Hay una gran división entre los propios catalanes y ha dejado una serie de heridas con el conjunto de España que, lamentablemente, tardarán en curarse.
—¿Cómo se puede plantear un debate sobre el feminismo sin caer en maniqueísmos?
—Hay diferentes tipos de feminismos. Los hombres, en su mayoría, estamos de acuerdo en que la situación de las mujeres ha sido de sometimiento y sojuzgamiento y que ya no puede ser así. Ahora bien, una de las aspiraciones del feminismo clásico y del que la población occidental ha suscrito hace tiempo es que no se viera a las mujeres con paternalismo y que se apreciara lo que hacían por su valor, su mérito y calidad, sin atender si algo estaba hecho por un hombre o una mujer. Ahora hay un tipo de feminismo que, de manera obsesiva, habla del número de mujeres que hacen esto o lo otro, de cuántas están representadas en un festival de cine, de cuántas mujeres han ganado el premio nacional, etc. Si hablan de esto todos los días, yo ya no puedo leer sus textos como si fueran de cualquiera; desde el primer momento estoy viendo que es un texto de mujer. Están yendo contra aquella vieja aspiración del feminismo.
—Quería cerrar la entrevista preguntándole por el proceso de independencia de Cataluña: ¿cómo lo vivió y cómo mira de ahora en adelante a la nación española?
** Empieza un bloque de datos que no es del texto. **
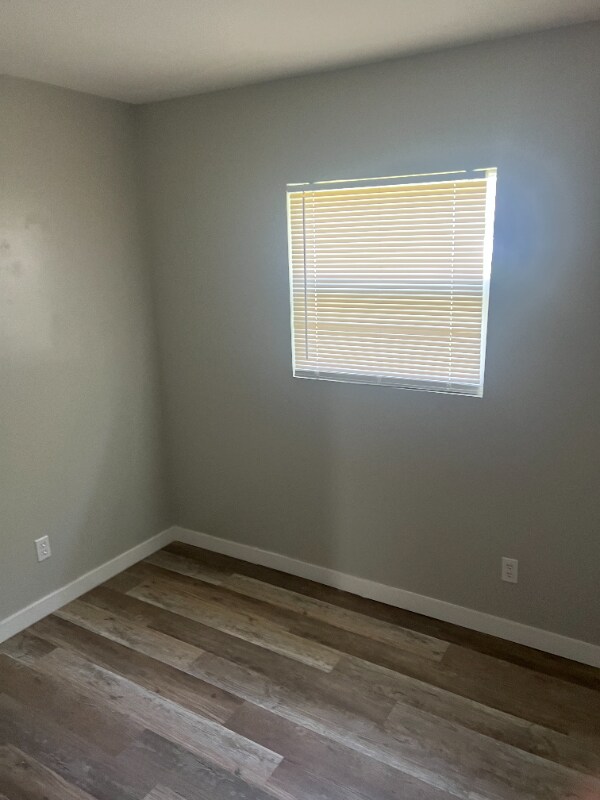 Foto del edificio - 4277 Wolf Rd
—Desde mi punto de vista es un proceso bastante disparatado, muy injustificado y muy dirigido desde arriba. Por mucho que se diga que hay 2 millones de catalanes deseosos de ser independientes, hace 5 años, como mucho, no alcanzaba a más del 10% de la población. En cierto sentido, ha sido una cosa alentada desde arriba por los políticos catalanes. Sea como sea, los cinco años que llevamos con esto, agudizados en el último, han producido una grandísima fractura y un grandísimo daño, sobre todo en Cataluña. Hay una gran división entre los propios catalanes y ha dejado una serie de heridas con el conjunto de España que, lamentablemente, tardarán en curarse. Si es que se curan. Los independentistas catalanes a andaluces, extremeños, madrileños, nos han llamado franquistas, fascistas, atrasados, analfabetos. Creo que los españoles han demostrado bastante cordura y paciencia y que eso, quizá, haga que las heridas no sean demasiado profundas. Ahora, esos insultos, ese desprecio —hay que tener en cuenta que este es un proceso de ricos, o de gente que cree que es más rica y superior al resto— va a dejar un malestar durante muchos años. Por qué nos desprecian tanto, por qué nos consideran inferiores, qué motivos tienen en realidad. Cataluña es una de las comunidades más ricas, sí, pero más rica es Madrid. Y nos han llamado ladrones. Es verdad que Cataluña, por ser una comunidad rica, aporta al Estado mucho dinero. Y hay un principio de solidaridad sobre el cual está basada toda la Unión Europea en que los socios más ricos aportan a las regiones más pobres, más desfavorecidas. Pero una de las cosas que los independentistas catalanes siempre han procurado callar es que Madrid aporta mucho más que Cataluña y recibe mucho menos. Esa supuesta injusticia se aplicaría a Madrid en mayor grado todavía que a Cataluña. Y en Madrid nadie protesta. En ese proceso de independentismo hay un elemento de señoritismo que lo hace bastante desagradable desde el punto de vista moral.